MATERIALS PROVIDED:
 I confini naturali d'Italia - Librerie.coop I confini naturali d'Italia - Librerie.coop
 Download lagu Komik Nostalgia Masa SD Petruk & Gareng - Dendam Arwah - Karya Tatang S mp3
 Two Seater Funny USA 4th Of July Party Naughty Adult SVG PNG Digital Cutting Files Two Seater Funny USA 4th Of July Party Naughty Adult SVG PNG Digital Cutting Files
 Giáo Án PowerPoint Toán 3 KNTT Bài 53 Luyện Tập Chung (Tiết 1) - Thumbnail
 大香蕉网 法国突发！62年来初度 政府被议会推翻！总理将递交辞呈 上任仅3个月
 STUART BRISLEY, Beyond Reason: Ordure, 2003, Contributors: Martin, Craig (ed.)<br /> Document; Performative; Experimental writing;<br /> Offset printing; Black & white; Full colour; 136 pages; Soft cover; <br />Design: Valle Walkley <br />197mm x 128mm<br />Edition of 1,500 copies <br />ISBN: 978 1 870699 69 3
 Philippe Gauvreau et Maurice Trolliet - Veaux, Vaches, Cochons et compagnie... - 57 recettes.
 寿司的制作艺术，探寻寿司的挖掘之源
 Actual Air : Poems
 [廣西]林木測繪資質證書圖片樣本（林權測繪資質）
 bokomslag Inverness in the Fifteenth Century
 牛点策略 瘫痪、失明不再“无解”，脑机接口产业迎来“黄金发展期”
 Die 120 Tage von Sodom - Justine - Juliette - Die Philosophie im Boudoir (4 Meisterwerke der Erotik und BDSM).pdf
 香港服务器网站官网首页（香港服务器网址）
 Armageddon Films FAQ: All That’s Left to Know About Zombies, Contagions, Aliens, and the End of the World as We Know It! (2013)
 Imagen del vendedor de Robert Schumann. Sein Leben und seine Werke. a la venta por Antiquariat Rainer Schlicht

TASK:
The line containing "香港服务器网站官网首页（香港服务器网址）" and every line after it, through the last one above, should be written out word for word.

EXERCISE RESULT:
 香港服务器网站官网首页（香港服务器网址）
 Armageddon Films FAQ: All That’s Left to Know About Zombies, Contagions, Aliens, and the End of the World as We Know It! (2013)
 Imagen del vendedor de Robert Schumann. Sein Leben und seine Werke. a la venta por Antiquariat Rainer Schlicht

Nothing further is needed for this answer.